He is a Bihari and proud to be so, unlike some of his fellow brothers, who, when they reveal their place of origin (even though Bihar occupies a proud place in medieval history for its prosperity and great educational institutes), do it with a touch of awkwardness.
After all, the word Bihari is used like a slang elsewhere and it takes courage to stand up to what the term implies. And, everybody is not Subodh Gupta, world-renowned contemporary artist, who, does not hesitate to open the Chandigarh Lalit Kala Akademi-organised lecture-cum-slide show at the Government Museum and Art Gallery on Wednesday evening with these lines, "I am a Bihari and I am an artist. I am not a star as Diwan Manna puts it in his introductory speech. Please bear with my Bihari accent." He didn't have any, but the point was taken!

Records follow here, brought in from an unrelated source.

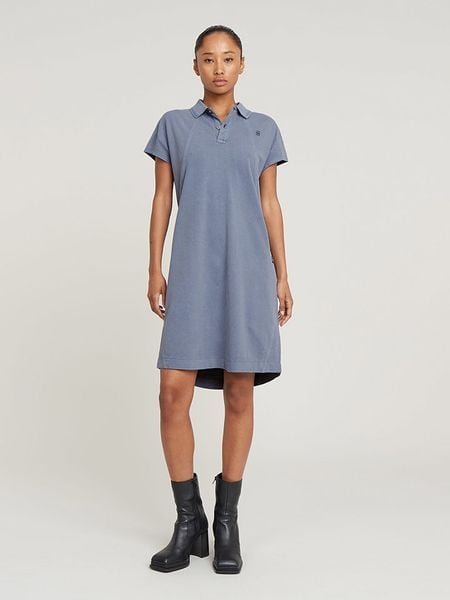G-Star Sukienka polo w kolorze niebieskoszarym rozmiar: M. Niebieskie sukienki damskie G-Star, na co dzień, m, bez wzorów, z bawełny, retro, bez kołnierzyka, bez ramiączek, midi, proste. Za 166.88 zł.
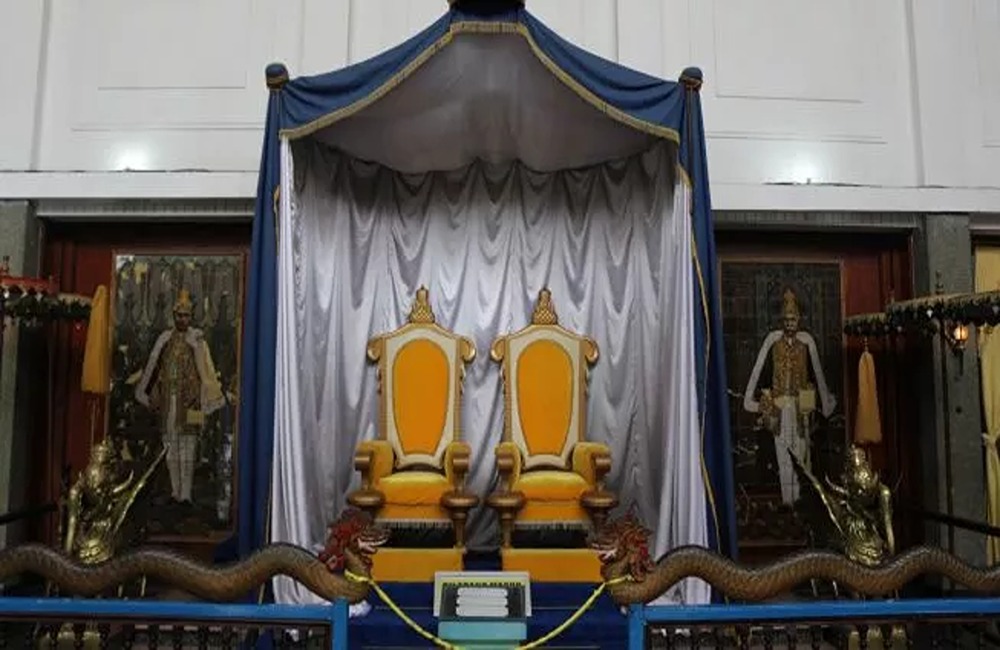 Foto koleksi Museum Mulawarman Tenggarong menampilkan singgasana, Lembuswana, dan prasasti Yupa sebagai ikon sejarah Kesultanan Kutai.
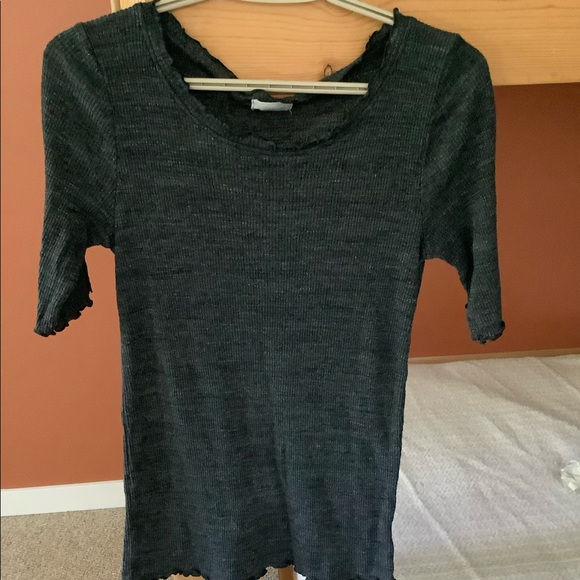 Tia (Anthropologie) ribbed lettuce hem top - Picture 1 of 7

"Identity is very important to begin with," he says and each of his creations which fall between 1996 and 2009 bear the telltale signs of his roots — 29 Mornings, My Mother and Me, Bihari (a self-portrait), Curry, Giant Leap of Faith, God is Hungry, so on so forth. Subodh's journey of unusual art as well as success begins with 29 Mornings, an installation he did using 29 stools, some of them painted and some just plain. "It was the time I was desperate to do something different and when I got this opportunity to make an installation, I used paltas (traditional stools) as a medium to express my childhood memories. And since religion is such an integral part of our lives, I painted those paltas with ritualistic symbols," he explains. If his 29 mornings and subsequently My Mother and Me (an installation of cowdung cakes) paved the path for his unique style, it was curry, the installation with kitchen utensils, that gave him his signature style — making sculptures with anything one finds in the kitchen! "I just discovered what I could do with spoons, glasses, plates or lotas," he replies as someone asks him why he chose utensils for his medium. But then, the philosopher in him takes over. "In this time of globalisation, food is first thing that binds different races and cultures together. So came Curry. It had everything one finds in a middleclass kitchen. With Curry, I also established the fact that sculptures can be simplified." Sure it can, at least that is the impression one gets looking at Aam Adami (mangoes made in bronze) and Potato Eaters. But is it not a little too aam, creating potatoes or mangoes, however, real they look? "As an artist nothing is my creation," he says. "I just bring it from one place and
install it at another giving it the proper ambience, and the object becomes objet d'art," he explains. That explains some of his sculptures Doot (an ambassador car), Bullet (a motorbike with milk containers or the Door (a simple wooden door). There are others — God is Hungry, Very Hungry God, 1 KG War, Black Thing, Miter, UFO Gandhi's Three Monkeys, Still Steal Steel — those that have found a proud place in prestigious art galleries and museums around the globe and thus making him 'the representative' of contemporary art from Asia. The names sound as fascinating as his creations and as we try to go beyond the obvisous to get the hidden message in his works, he cautions, "Don't look for meanings always. Art is art." Yes, and Subosh is Subodh. Whether he likes it or not, he is the star in the art horizon, the brightest one at that.